## EXERCISE DETAILS
Produce the lines from the one containing "Kamenný most se sochami" through the end of the material exactly as they appear, both ends included, and leave the pictures out.

## GIVEN MATERIAL
______
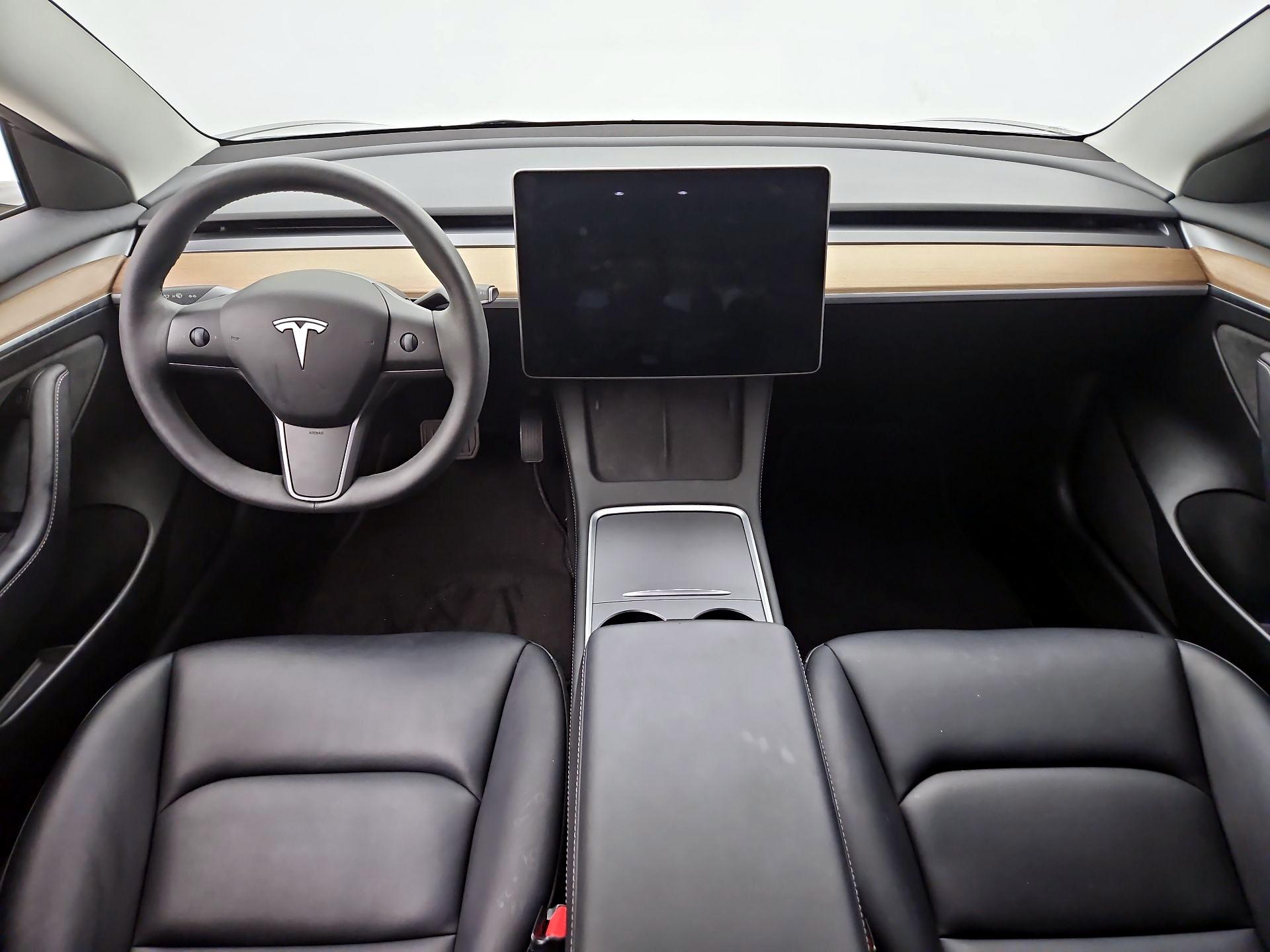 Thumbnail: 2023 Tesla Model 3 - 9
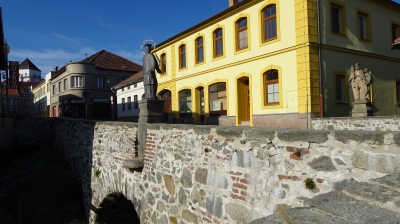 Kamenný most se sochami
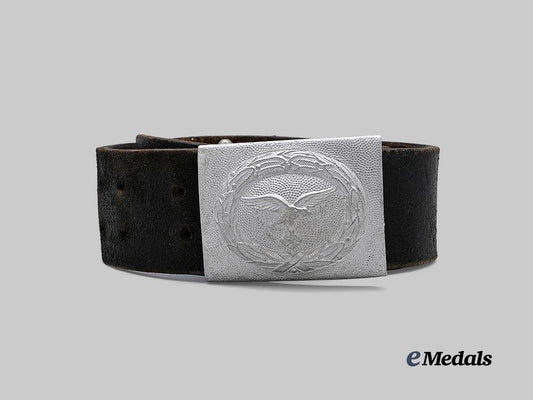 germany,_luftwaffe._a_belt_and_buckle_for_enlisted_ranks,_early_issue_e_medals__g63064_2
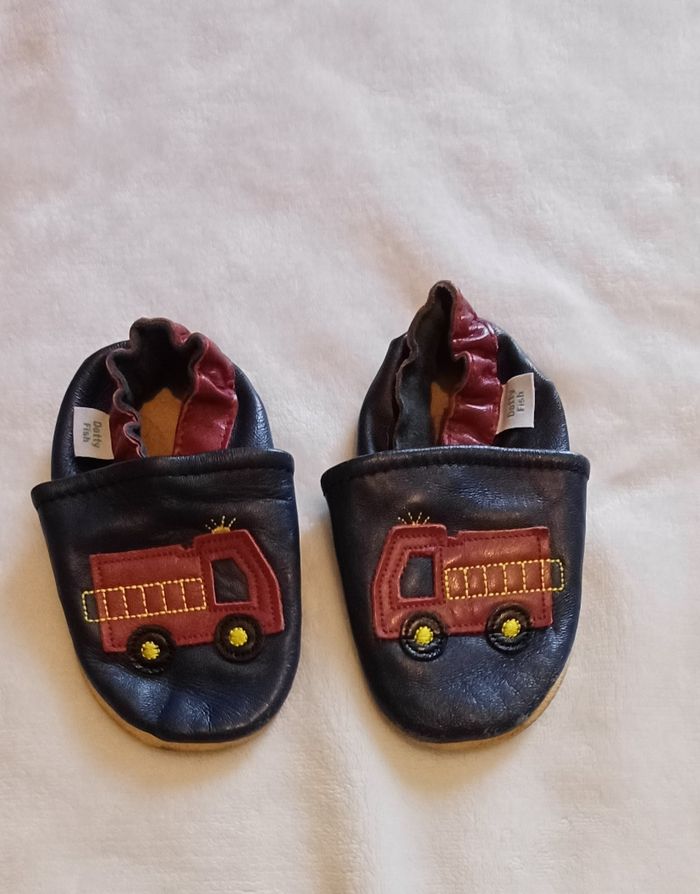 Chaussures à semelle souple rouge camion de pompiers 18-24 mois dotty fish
______
## WRITTEN RESPONSE
 Kamenný most se sochami
 germany,_luftwaffe._a_belt_and_buckle_for_enlisted_ranks,_early_issue_e_medals__g63064_2
 Chaussures à semelle souple rouge camion de pompiers 18-24 mois dotty fish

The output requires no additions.